§ What to do:
Copy the lines below verbatim, beginning with the line that includes "Bed with 2 storage" and continuing to the end; leave out everything before it.
Segment Open
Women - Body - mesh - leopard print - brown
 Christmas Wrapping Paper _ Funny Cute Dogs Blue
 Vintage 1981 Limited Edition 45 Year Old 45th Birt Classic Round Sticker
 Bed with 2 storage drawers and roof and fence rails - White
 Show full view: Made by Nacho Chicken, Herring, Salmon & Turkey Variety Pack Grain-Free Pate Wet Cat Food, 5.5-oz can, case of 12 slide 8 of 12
Segment Closed
§ Written response:
 Bed with 2 storage drawers and roof and fence rails - White
 Show full view: Made by Nacho Chicken, Herring, Salmon & Turkey Variety Pack Grain-Free Pate Wet Cat Food, 5.5-oz can, case of 12 slide 8 of 12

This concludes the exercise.